Sebelumnya, Ahok mengajukan uji materi Undang-undang Pemilihan Kepala Daerah (Pilkada) ke Mahkamah Konstitusi (MK). Ahok ingin pasal yang mengatur calon petahana wajib cuti selama masa kampanye diubah.

Menurut dia, langkah yang diambilnya ini, bukan berarti tidak menghormati UU. Ahok justru meyakini uji materi merupakan langkah yang sesuai dengan konstitusi dan menghormati UU yang ada.

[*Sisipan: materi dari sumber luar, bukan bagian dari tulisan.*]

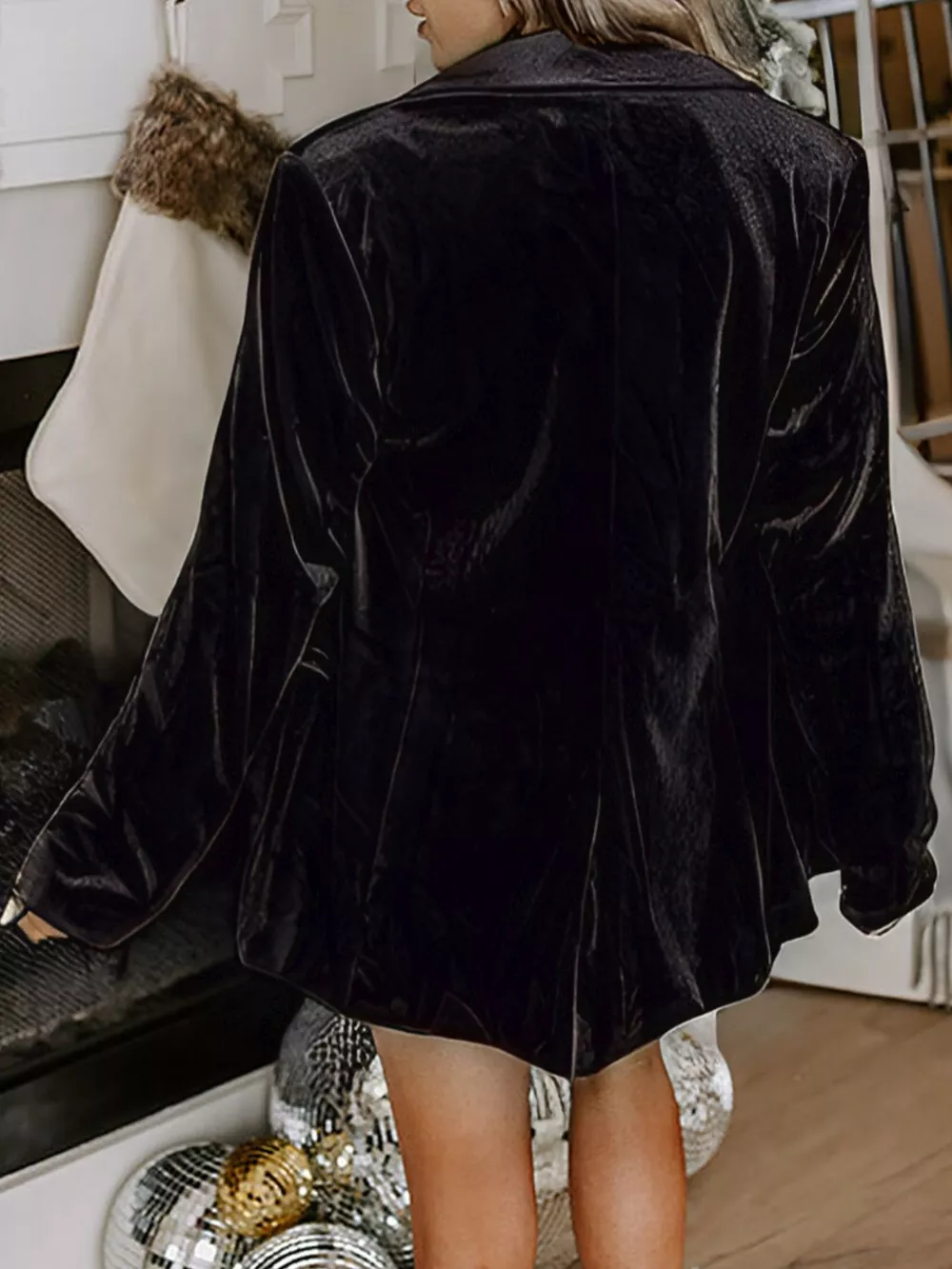 Velvet Lapel Collar Button Up Blazer, image 4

"Makanya saya telah menghormati UU, saya bisa menjadi kepala daerah karena saya menghormati konstitusi. Adanya Mahkamah Konstitusi supaya orang bisa melakukan judicial review untuk menanyakan apakah ini bertentangan dengan konstitusi dasar," ujar Ahok di Balai Kota Jakarta, Kamis 4 Agustus 2016 lalu.